From the line that contains "Ami Paris Wool cardigan with logo - White" through the closing line of the entries, write out each line exactly; pictures stay out.

(Collected data)

*****

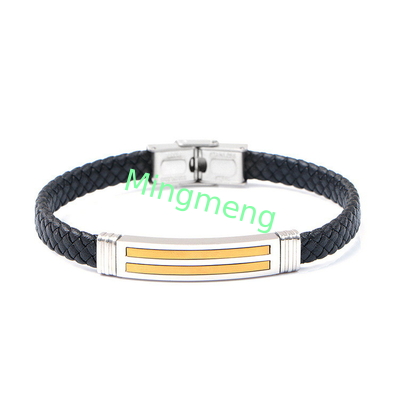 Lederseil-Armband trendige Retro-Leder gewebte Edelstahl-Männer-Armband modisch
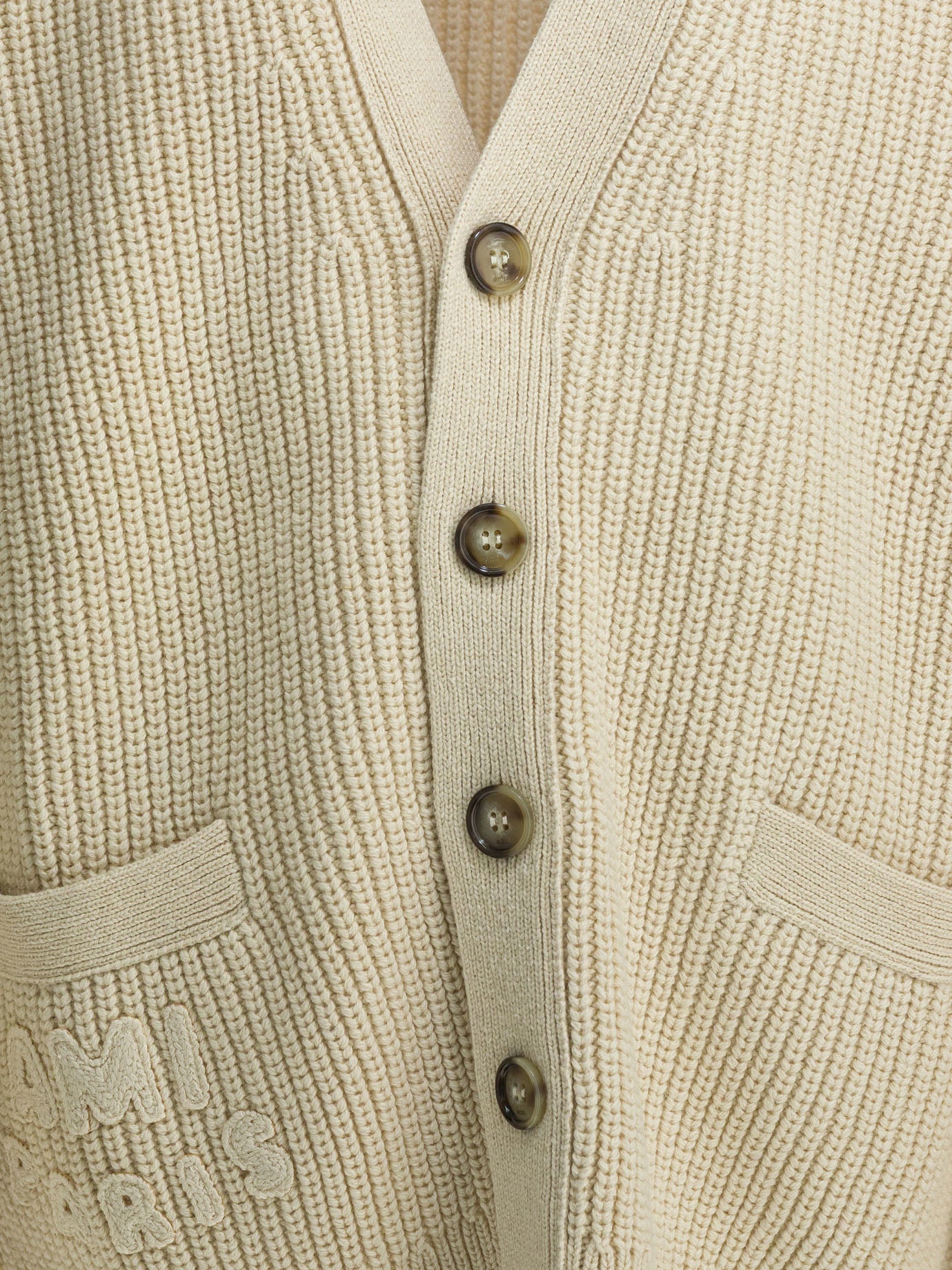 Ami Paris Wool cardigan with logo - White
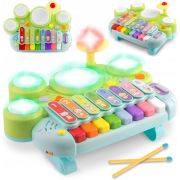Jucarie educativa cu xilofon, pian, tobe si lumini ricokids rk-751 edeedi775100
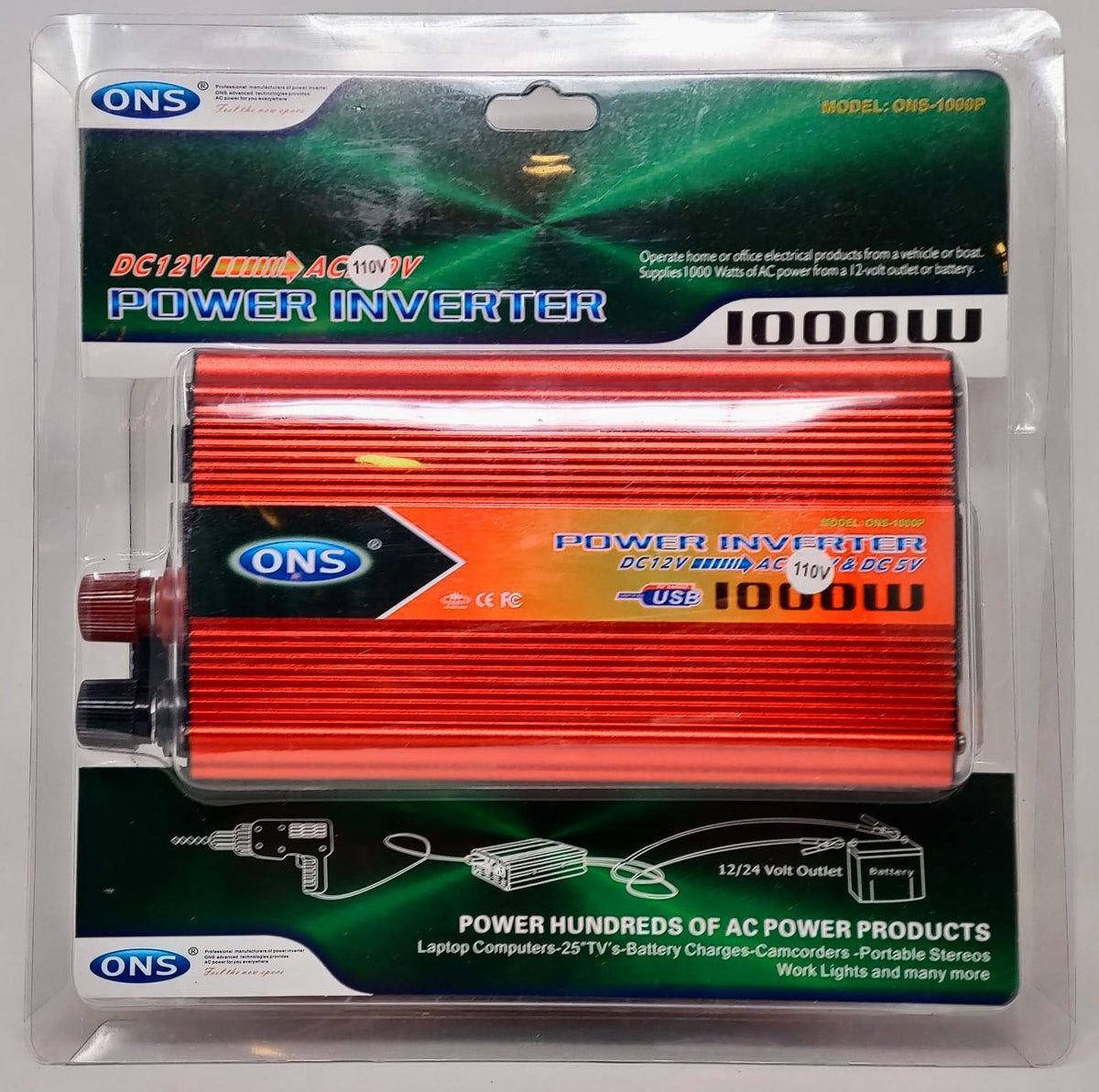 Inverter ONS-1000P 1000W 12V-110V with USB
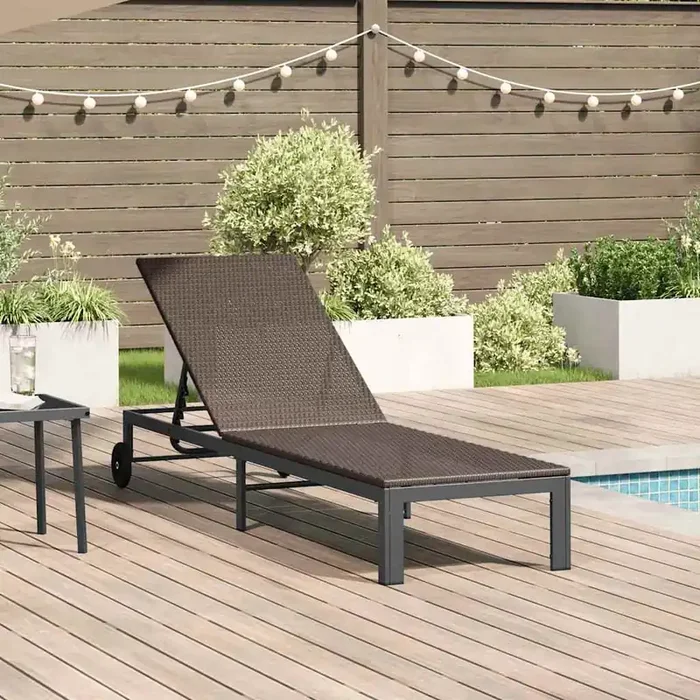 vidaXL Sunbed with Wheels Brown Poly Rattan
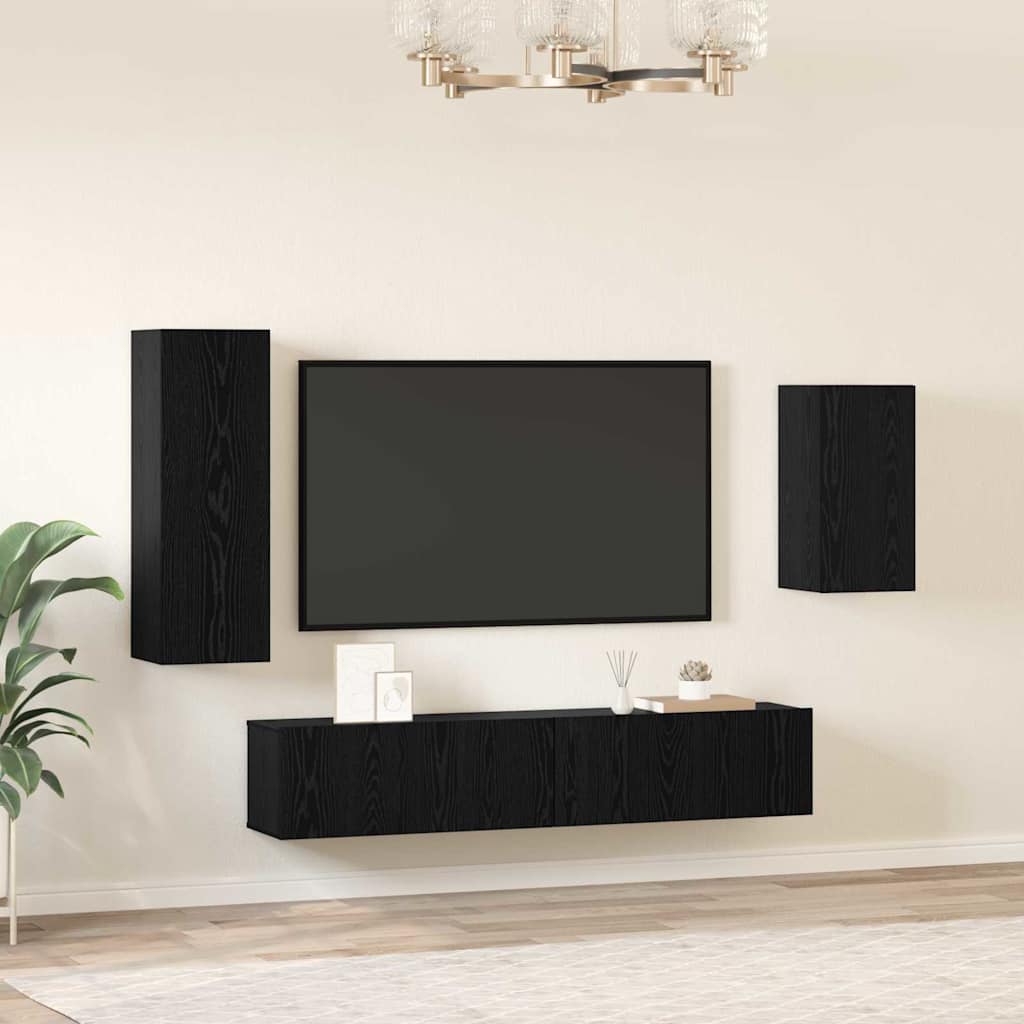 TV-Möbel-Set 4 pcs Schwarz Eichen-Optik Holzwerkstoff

*****

» **Written reply**
 Ami Paris Wool cardigan with logo - White
Jucarie educativa cu xilofon, pian, tobe si lumini ricokids rk-751 edeedi775100
 Inverter ONS-1000P 1000W 12V-110V with USB
 vidaXL Sunbed with Wheels Brown Poly Rattan
 TV-Möbel-Set 4 pcs Schwarz Eichen-Optik Holzwerkstoff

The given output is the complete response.